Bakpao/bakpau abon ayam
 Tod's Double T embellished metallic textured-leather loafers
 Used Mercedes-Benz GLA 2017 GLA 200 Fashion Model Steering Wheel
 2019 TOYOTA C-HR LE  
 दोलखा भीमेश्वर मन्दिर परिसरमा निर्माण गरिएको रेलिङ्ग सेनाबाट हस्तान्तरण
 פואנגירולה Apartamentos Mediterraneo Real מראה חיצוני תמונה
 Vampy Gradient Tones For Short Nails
######
> _To do_: In full and word for word, set down the records shown above.

> _Response below_:
Bakpao/bakpau abon ayam
 Tod's Double T embellished metallic textured-leather loafers
 Used Mercedes-Benz GLA 2017 GLA 200 Fashion Model Steering Wheel
 2019 TOYOTA C-HR LE  
 दोलखा भीमेश्वर मन्दिर परिसरमा निर्माण गरिएको रेलिङ्ग सेनाबाट हस्तान्तरण
 פואנגירולה Apartamentos Mediterraneo Real מראה חיצוני תמונה
 Vampy Gradient Tones For Short Nails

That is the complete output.